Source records
------
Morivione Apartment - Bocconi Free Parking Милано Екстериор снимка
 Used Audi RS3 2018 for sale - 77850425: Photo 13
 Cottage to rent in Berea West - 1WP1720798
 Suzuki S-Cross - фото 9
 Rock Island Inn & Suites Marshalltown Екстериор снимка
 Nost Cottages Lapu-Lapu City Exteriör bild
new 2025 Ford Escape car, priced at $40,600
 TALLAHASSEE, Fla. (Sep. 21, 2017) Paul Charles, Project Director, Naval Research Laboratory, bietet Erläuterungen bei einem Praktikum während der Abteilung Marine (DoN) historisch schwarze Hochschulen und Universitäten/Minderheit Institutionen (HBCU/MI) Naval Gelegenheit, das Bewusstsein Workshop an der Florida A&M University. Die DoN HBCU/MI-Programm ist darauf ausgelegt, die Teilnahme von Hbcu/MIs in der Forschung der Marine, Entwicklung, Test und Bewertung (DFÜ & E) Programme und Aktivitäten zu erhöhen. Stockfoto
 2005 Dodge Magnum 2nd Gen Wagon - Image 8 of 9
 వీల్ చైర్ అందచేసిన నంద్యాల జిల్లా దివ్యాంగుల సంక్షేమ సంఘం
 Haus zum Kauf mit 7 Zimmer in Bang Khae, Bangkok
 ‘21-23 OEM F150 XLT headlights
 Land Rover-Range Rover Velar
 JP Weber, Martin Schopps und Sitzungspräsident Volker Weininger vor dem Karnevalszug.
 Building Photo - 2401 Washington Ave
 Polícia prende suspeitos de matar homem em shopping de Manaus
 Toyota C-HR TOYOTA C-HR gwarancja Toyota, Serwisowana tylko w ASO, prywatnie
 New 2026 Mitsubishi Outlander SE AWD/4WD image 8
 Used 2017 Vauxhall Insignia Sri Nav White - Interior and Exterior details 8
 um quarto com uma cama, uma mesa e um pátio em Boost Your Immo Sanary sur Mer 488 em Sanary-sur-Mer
------
Assignment: Copy the lines from the start of the data verbatim, stopping after the line containing "new 2025 Ford Escape car, priced at $40,600".

Result:
Morivione Apartment - Bocconi Free Parking Милано Екстериор снимка
 Used Audi RS3 2018 for sale - 77850425: Photo 13
 Cottage to rent in Berea West - 1WP1720798
 Suzuki S-Cross - фото 9
 Rock Island Inn & Suites Marshalltown Екстериор снимка
 Nost Cottages Lapu-Lapu City Exteriör bild
new 2025 Ford Escape car, priced at $40,600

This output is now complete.